---------- DATA LISTING
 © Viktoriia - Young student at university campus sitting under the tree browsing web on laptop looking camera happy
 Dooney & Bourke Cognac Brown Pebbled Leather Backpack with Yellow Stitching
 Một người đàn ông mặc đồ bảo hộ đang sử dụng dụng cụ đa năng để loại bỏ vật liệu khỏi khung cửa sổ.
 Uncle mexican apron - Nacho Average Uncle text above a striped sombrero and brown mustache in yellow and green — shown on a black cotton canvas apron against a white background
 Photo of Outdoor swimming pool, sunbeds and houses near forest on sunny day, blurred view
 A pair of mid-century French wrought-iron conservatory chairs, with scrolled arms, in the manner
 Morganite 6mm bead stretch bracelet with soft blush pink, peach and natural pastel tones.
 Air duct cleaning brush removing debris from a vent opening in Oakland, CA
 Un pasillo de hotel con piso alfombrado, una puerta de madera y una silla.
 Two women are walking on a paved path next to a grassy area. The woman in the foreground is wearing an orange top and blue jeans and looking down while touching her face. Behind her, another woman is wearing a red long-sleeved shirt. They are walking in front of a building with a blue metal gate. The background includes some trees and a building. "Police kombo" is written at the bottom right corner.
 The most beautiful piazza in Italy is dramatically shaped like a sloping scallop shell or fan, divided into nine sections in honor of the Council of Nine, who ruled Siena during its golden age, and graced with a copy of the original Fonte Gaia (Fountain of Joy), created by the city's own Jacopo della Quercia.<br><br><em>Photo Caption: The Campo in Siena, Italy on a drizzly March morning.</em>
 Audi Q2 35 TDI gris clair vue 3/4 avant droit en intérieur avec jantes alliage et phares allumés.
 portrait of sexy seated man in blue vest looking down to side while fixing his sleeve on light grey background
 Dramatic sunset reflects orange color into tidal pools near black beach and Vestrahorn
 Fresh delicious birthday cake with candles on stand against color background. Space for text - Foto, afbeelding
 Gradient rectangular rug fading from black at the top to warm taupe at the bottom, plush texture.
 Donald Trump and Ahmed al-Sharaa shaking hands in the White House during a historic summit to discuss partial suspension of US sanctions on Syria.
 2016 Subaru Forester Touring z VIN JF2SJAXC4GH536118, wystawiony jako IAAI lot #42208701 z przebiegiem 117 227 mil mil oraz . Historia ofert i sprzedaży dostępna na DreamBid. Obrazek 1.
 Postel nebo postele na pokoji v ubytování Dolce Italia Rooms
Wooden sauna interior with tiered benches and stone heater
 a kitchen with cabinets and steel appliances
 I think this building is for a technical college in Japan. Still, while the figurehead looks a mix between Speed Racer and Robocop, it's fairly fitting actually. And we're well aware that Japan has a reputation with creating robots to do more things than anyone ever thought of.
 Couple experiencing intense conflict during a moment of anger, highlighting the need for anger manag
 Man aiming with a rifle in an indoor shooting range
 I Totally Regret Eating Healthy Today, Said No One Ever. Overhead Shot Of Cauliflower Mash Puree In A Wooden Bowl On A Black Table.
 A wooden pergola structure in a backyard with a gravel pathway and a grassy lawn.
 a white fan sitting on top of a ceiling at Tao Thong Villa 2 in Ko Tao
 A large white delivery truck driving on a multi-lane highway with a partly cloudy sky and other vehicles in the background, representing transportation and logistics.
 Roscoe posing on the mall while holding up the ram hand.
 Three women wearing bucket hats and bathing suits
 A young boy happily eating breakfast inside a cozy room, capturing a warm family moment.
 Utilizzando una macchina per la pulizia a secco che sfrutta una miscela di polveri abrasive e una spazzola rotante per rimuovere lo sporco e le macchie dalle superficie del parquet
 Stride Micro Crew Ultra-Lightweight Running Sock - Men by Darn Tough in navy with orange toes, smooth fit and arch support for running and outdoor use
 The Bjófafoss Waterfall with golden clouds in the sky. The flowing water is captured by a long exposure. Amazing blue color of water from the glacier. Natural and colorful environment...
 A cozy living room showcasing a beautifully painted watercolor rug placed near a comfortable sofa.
--------------------
The full listing is to be copied verbatim.

 © Viktoriia - Young student at university campus sitting under the tree browsing web on laptop looking camera happy
 Dooney & Bourke Cognac Brown Pebbled Leather Backpack with Yellow Stitching
 Một người đàn ông mặc đồ bảo hộ đang sử dụng dụng cụ đa năng để loại bỏ vật liệu khỏi khung cửa sổ.
 Uncle mexican apron - Nacho Average Uncle text above a striped sombrero and brown mustache in yellow and green — shown on a black cotton canvas apron against a white background
 Photo of Outdoor swimming pool, sunbeds and houses near forest on sunny day, blurred view
 A pair of mid-century French wrought-iron conservatory chairs, with scrolled arms, in the manner
 Morganite 6mm bead stretch bracelet with soft blush pink, peach and natural pastel tones.
 Air duct cleaning brush removing debris from a vent opening in Oakland, CA
 Un pasillo de hotel con piso alfombrado, una puerta de madera y una silla.
 Two women are walking on a paved path next to a grassy area. The woman in the foreground is wearing an orange top and blue jeans and looking down while touching her face. Behind her, another woman is wearing a red long-sleeved shirt. They are walking in front of a building with a blue metal gate. The background includes some trees and a building. "Police kombo" is written at the bottom right corner.
 The most beautiful piazza in Italy is dramatically shaped like a sloping scallop shell or fan, divided into nine sections in honor of the Council of Nine, who ruled Siena during its golden age, and graced with a copy of the original Fonte Gaia (Fountain of Joy), created by the city's own Jacopo della Quercia.<br><br><em>Photo Caption: The Campo in Siena, Italy on a drizzly March morning.</em>
 Audi Q2 35 TDI gris clair vue 3/4 avant droit en intérieur avec jantes alliage et phares allumés.
 portrait of sexy seated man in blue vest looking down to side while fixing his sleeve on light grey background
 Dramatic sunset reflects orange color into tidal pools near black beach and Vestrahorn
 Fresh delicious birthday cake with candles on stand against color background. Space for text - Foto, afbeelding
 Gradient rectangular rug fading from black at the top to warm taupe at the bottom, plush texture.
 Donald Trump and Ahmed al-Sharaa shaking hands in the White House during a historic summit to discuss partial suspension of US sanctions on Syria.
 2016 Subaru Forester Touring z VIN JF2SJAXC4GH536118, wystawiony jako IAAI lot #42208701 z przebiegiem 117 227 mil mil oraz . Historia ofert i sprzedaży dostępna na DreamBid. Obrazek 1.
 Postel nebo postele na pokoji v ubytování Dolce Italia Rooms
Wooden sauna interior with tiered benches and stone heater
 a kitchen with cabinets and steel appliances
 I think this building is for a technical college in Japan. Still, while the figurehead looks a mix between Speed Racer and Robocop, it's fairly fitting actually. And we're well aware that Japan has a reputation with creating robots to do more things than anyone ever thought of.
 Couple experiencing intense conflict during a moment of anger, highlighting the need for anger manag
 Man aiming with a rifle in an indoor shooting range
 I Totally Regret Eating Healthy Today, Said No One Ever. Overhead Shot Of Cauliflower Mash Puree In A Wooden Bowl On A Black Table.
 A wooden pergola structure in a backyard with a gravel pathway and a grassy lawn.
 a white fan sitting on top of a ceiling at Tao Thong Villa 2 in Ko Tao
 A large white delivery truck driving on a multi-lane highway with a partly cloudy sky and other vehicles in the background, representing transportation and logistics.
 Roscoe posing on the mall while holding up the ram hand.
 Three women wearing bucket hats and bathing suits
 A young boy happily eating breakfast inside a cozy room, capturing a warm family moment.
 Utilizzando una macchina per la pulizia a secco che sfrutta una miscela di polveri abrasive e una spazzola rotante per rimuovere lo sporco e le macchie dalle superficie del parquet
 Stride Micro Crew Ultra-Lightweight Running Sock - Men by Darn Tough in navy with orange toes, smooth fit and arch support for running and outdoor use
 The Bjófafoss Waterfall with golden clouds in the sky. The flowing water is captured by a long exposure. Amazing blue color of water from the glacier. Natural and colorful environment...
 A cozy living room showcasing a beautifully painted watercolor rug placed near a comfortable sofa.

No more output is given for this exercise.